I’m always secretly quite happy when summer comes to an end.
My dad is a redhead and although I did not inherit this trait, somewhere deep down inside of me there is a recessive ginger gene that protests whenever I venture out into the sun.
There also tends to be quite a lot of bugs around in summer and I don’t like bugs very much.
I understand that bugs are an important part of our ecosystems and that all life is beautiful and sacred and I am happy to appreciate their integral role in the circle of life… as long as they don’t come anywhere near me.
I am aware that bugs have a vital role in natural processes such as decomposition but when a bug is buzzing around my head the only thing breaking down my ability to tolerate its existence.
The number of bugs present is proportional to temperature.
So it makes sense that, as summer comes to an end and the temperature begins to decrease, so does the bug population.
In the past week or so, I have noticed that there are fewer bugs outdoors.
It is as if the bugs have sensed the impending drop in temperature and have migrated in search of a warmer climate.
Unfortunately, that warmer climate just happens to be inside my house.
The other day, my room was quite stuffy so I opened the window to allow some fresh air to enter.
Half an hour later, it was as if Pixar had decided to use my room as a filming location for the sequel to ‘A Bug’s Life’.
Having a load of bugs in my personal space made me feel all icky inside so I began to waft the bugs towards the window in the hope that they would go back out of it.
After a while, I was left with one stubborn insect who refused to leave.
I had an empty mug on my desk so I decided that the best way to deal with the bug would be to trap it under the mug and then transport it back outdoors myself.
Once I had managed to catch the bug, I realised that I needed to slide a piece of paper underneath the mug in order to move it.

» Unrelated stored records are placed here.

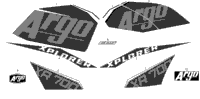 F23 Emblem Stripe Rev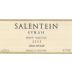 Salentein Syrah 2003 Front Label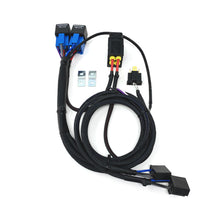 Load image into Gallery viewer, Skyline R33 Headlight Relay Kit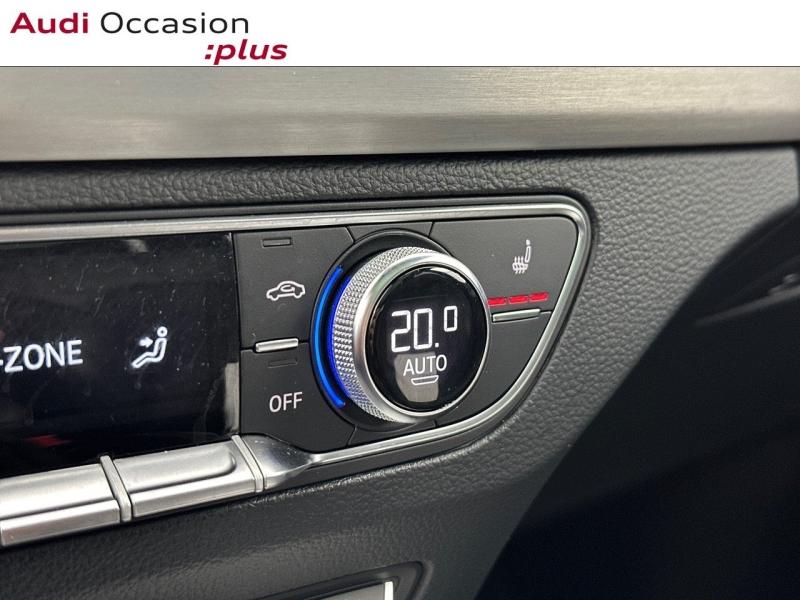 Voitures occasions Audi Q5 S line Saint-Thibault-des-Vignes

So I left the bug buzzing around inside the mug and went downstairs to get some.
When I came back upstairs, my room was silent.
I lifted up the cup and the bug was gone.
I looked at the empty space where the bug had been and almost immediately my imagination rushed to fill it.
Because I could no longer see the bug, my mind began to create scenarios to explain its disappearance.
I became convinced that there were only two ways in which the bug could have possibly escaped:
1) The bug had sent out an SOS signal to its bug friends who had performed a rescue mission in my absence.
2) The bug had somehow managed to teleport out of the mug.
I didn’t know what was worse:
1) Dealing with a legion of vengeful bugs seeking justice for the capture of their friend.
2) Dealing with some kind of cyborg technobug, probably sent back from the future with the sole purpose of brutally assassinating me.
Logically, I knew that a bug not have the cognitive capacity to form strategic plans to bring about my demise.
However, in my panic, the rational part of my brain ceased to function.
I ran into my brother’s room and told him of my concerns.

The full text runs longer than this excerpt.